Но у самого мира нет причин, и я могу так сказать, я, который испытал все это, от создания до разрушения.
Главное, что все становится просто, достаточно легко, чтобы ребенок мог понять.
У меня самая высокая идея и самая страстная, из искусства. Слишком высокий, чтобы согласиться с тем, чтобы подчинить это чему -либо. Слишком страстно, чтобы хотеть развестись с чем -либо.
Там могут быть ответственные люди, но нет виновных.
Мы повстанцы для дела, поэты со сном, и мы не позволим этому миру умереть без боя.
Великие идеи приходят в мир так же мягко, как голуби.
И я тоже был готов начать жизнь снова и снова. Это было как будто этот великий порыв гнева вымыл меня чистой, опустошил меня надежды и, глядя на темное небо, впервые с его знаками и звездами, первым я положил сердце открыто к доброкачественному безразличие вселенной.
Что действительно считается возможностью побега, прыжок на свободу, из непрепятствующего ритуала, дикого бега для него, который даст любой шанс на надежду. Конечно, надежда означала, что ее углу о том, как вы бежали, как сумасшедшая, по случайной пуле. Но когда я действительно задумался, ничто не позволит мне такой роскошь. Все было против этого; Я бы просто был в тупике в машине снова.
Таким образом, я прогрессировал на поверхности жизни, в сфере слов, как это было, никогда в реальности. Все эти книги едва читают, эти друзья едва любили, эти города едва посещали, эти женщины едва ли обладали! Я прошел через жесты из скуки или рассеянности. Затем появились люди; Они хотели цепляться, но не было ничего не цепляться, и это было прискорбно-для них. Что касается меня, я забыл. Я никогда не помнил ничего, кроме себя.
Был тот же ослепительный красный свет. Море задыхалось от воздуха с каждой мелкой, подавленной волной, которая сломалась на песке. ... С каждым лезвием света, которое вспыхнуло с песка, от обесцвеченной раковины или писания разбитого стекла, мои челюсти затянулись. Я шел долго.
Таким образом, одно из немногих философских позиций восстает. Это постоянное противостояние между человеком и его собственной безвестностью.
Принципы, которые мужчины дают себе, заканчивают, подавляя свои благородные намерения.
Страшно видеть, насколько легко, у некоторых людей все достоинство рушится. Тем не менее, когда вы думаете об этом, это вполне нормально, поскольку они поддерживают это достоинство только путем постоянного стремления против своей собственной природы.
Жаль, Господь, о тех, кто любит и разлучен.

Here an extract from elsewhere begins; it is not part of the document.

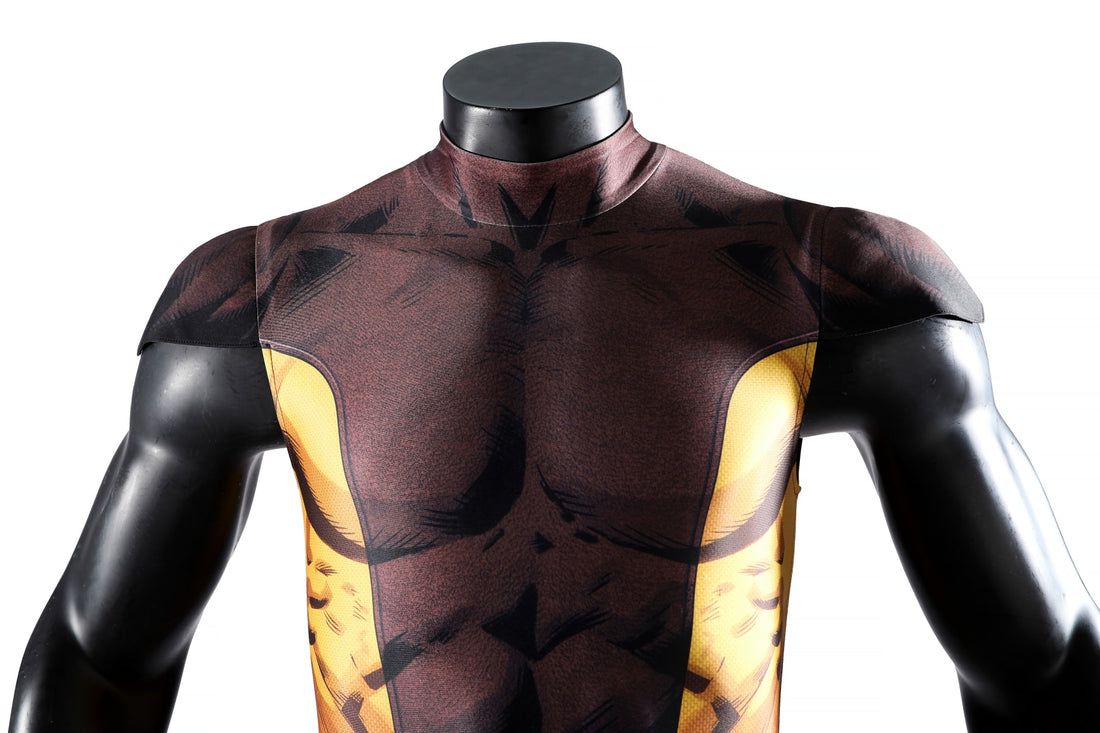 X-Men '97 Wolverine The Brown Suit Jumpsuit Helmet Cosplay Costumes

Единственного предложения будет достаточно для современного человека. Он Бордился и прочитал документы. После этого энергичного определения субъект будет, если я могу сказать это, истощен.
Потому что здесь нет ничего, кроме как приглашать нас дорожить несчастными любовниками. Нет ничего более тщеславного, чем умереть за любовь. То, что мы должны сделать, это жить.
Империи и церкви родились под солнцем смерти.
Как правило, мне нравятся все острова. Там легче править.
Я бы предпочел не расстроить его, но я не увидел причины изменить свою жизнь. Оглядываясь назад, я не был недоволен. Когда я был студентом, у меня было много таких амбиций. Но когда мне пришлось отказаться от учебы, я очень быстро узнал, что ничто из этого не имело значения.
Настоящие художники ничего не презирают.
В той ночи живой с знаками и звездами я открыл себя нежному безразличию мира. Найдя это так же, как и я-как брат, действительно-я чувствовал, что был счастлив и что я снова был счастлив.
Маман умер сегодня. Или вчера, может быть, я не знаю. Я получил телеграмму из дома: «Мать умерла. Похоронные завтрашние. Верно твое ». Это ничего не значит. Может быть, это было вчера.
Я всегда чувствовал, что жил в открытом море, угрожал, в центре королевского счастья.
Панель - это человек обучения, ученый. Он не вступил в контакт со смертью; Вот почему он может говорить с такой уверенностью в том, что истина с столицей Т. Но каждый священник страны, который посещает его прихожан и слышал, как человек задыхается на смертном одре, думает, как и я. Он попытался бы облегчить человеческие страдания, прежде чем попытаться указать на его доброта.
Во мне есть ужасная пустота, безразличие, которое больно.